The items in her cart got my attention, because of how few there were. A large cart designed for carrying food for an entire family, was now holding three small items. This may have been because she couldn’t carry a basket, but what if it was because she didn’t know how to shop for only herself?
It was obvious by her facial expressions, body language and lack of motivation, that she was in no hurry. It was as if she had no where to be. No one to go home to. By all appearance, she was shopping for one.
Further down the aisle was an older gentleman, with a shopping basket in his hand. He was scanning over the frozen dinner choices and placing his selection into the basket.
Upon seeing him, I stopped in the middle of the aisle and carefully took notice of everyone around me. There were shopping carts flooded with food, being pushed along by seemingly happy people on a mission. Then there were others, with hardly no food at all, being guided down the aisle by shoppers with somber expressions.
“It’s so hard shopping for one. What do you cook for just one person?” My mother said this recently, and caused me to see people that I would normally just pass by. How many people are lost in the store, as my mother often is, desperately trying to learn how to shop for one?

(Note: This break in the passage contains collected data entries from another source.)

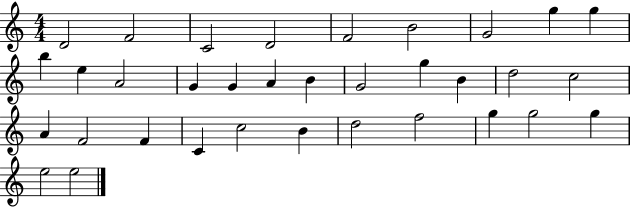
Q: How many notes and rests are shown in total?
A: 34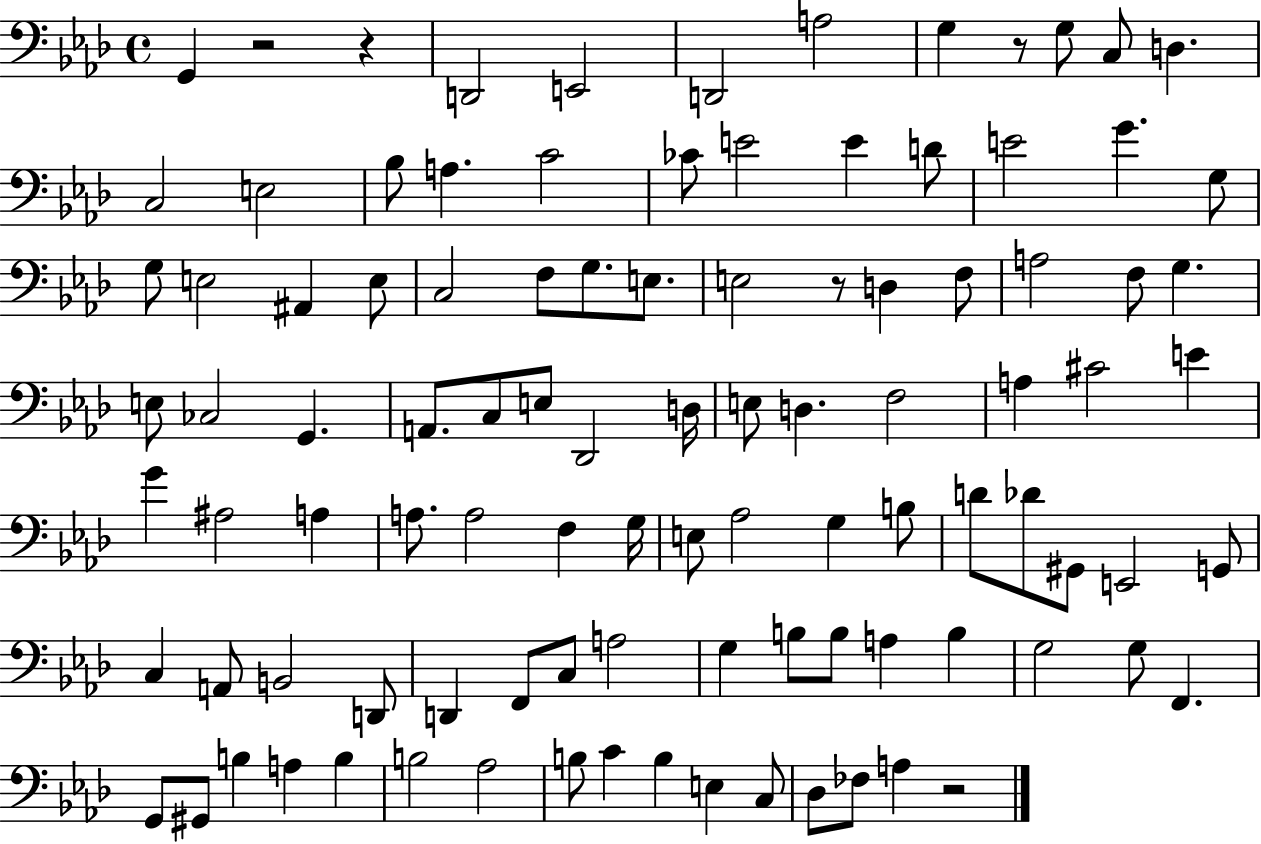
G2/q R/h R/q D2/h E2/h D2/h A3/h G3/q R/e G3/e C3/e D3/q. C3/h E3/h Bb3/e A3/q. C4/h CES4/e E4/h E4/q D4/e E4/h G4/q. G3/e G3/e E3/h A#2/q E3/e C3/h F3/e G3/e. E3/e. E3/h R/e D3/q F3/e A3/h F3/e G3/q. E3/e CES3/h G2/q. A2/e. C3/e E3/e Db2/h D3/s E3/e D3/q. F3/h A3/q C#4/h E4/q G4/q A#3/h A3/q A3/e. A3/h F3/q G3/s E3/e Ab3/h G3/q B3/e D4/e Db4/e G#2/e E2/h G2/e C3/q A2/e B2/h D2/e D2/q F2/e C3/e A3/h G3/q B3/e B3/e A3/q B3/q G3/h G3/e F2/q. G2/e G#2/e B3/q A3/q B3/q B3/h Ab3/h B3/e C4/q B3/q E3/q C3/e Db3/e FES3/e A3/q R/h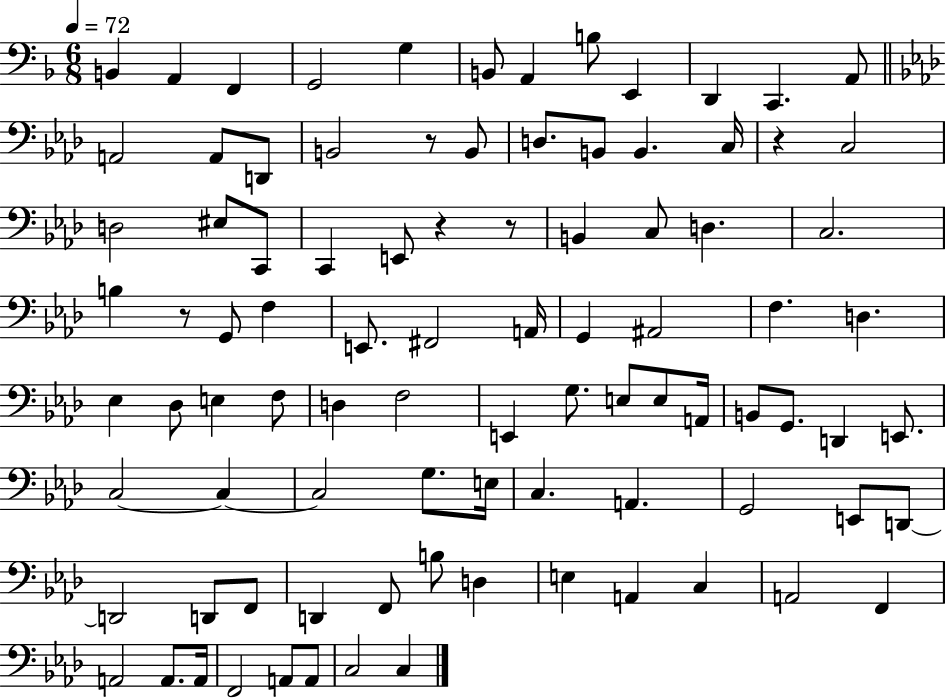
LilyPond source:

{
  \clef bass
  \numericTimeSignature
  \time 6/8
  \key f \major
  \tempo 4 = 72
  b,4 a,4 f,4 | g,2 g4 | b,8 a,4 b8 e,4 | d,4 c,4. a,8 | \break \bar "||" \break \key aes \major a,2 a,8 d,8 | b,2 r8 b,8 | d8. b,8 b,4. c16 | r4 c2 | \break d2 eis8 c,8 | c,4 e,8 r4 r8 | b,4 c8 d4. | c2. | \break b4 r8 g,8 f4 | e,8. fis,2 a,16 | g,4 ais,2 | f4. d4. | \break ees4 des8 e4 f8 | d4 f2 | e,4 g8. e8 e8 a,16 | b,8 g,8. d,4 e,8. | \break c2~~ c4~~ | c2 g8. e16 | c4. a,4. | g,2 e,8 d,8~~ | \break d,2 d,8 f,8 | d,4 f,8 b8 d4 | e4 a,4 c4 | a,2 f,4 | \break a,2 a,8. a,16 | f,2 a,8 a,8 | c2 c4 | \bar "|."
}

Many of us don’t enjoy shopping, especially for our entire family. It can be expensive and very time consuming. What we don’t take into consideration, is what a gift it is to have people to shop for. Several people don’t have anyone, but themselves.
My mother went on to say, “It’s easy to spot them. They’re usually the ones who only have a couple of items in their basket, or shop solely in the frozen food aisle.” After losing my step-father last year, that’s what she does, so she knows this from personal experience.
As I looked around today, I learned that she was right. With ‘new’ eyes, I saw them, just as she had said I would. Lonely people everywhere, shopping for one. I wanted to go up and hug each of them, but at the risk of having the police called, I held back.
When a person’s spouse passes away, it makes a significant impact on every aspect of their life. They’ve spent several years living alongside someone else, and now suddenly they have to learn how to live alone. They don’t just wake up alone and come home alone; they do everything alone.
What can we do to make them feel less lonely? A kind word, a conversation, helping them, or buying them a flower are all simple ideas, but each one could bring a smile to their face. A smile that could possibly be their first in days, months, or even years.
It’s the simple things in life that mean the most. Showing kindness and love to someone only takes a moment, but its impact can last forever.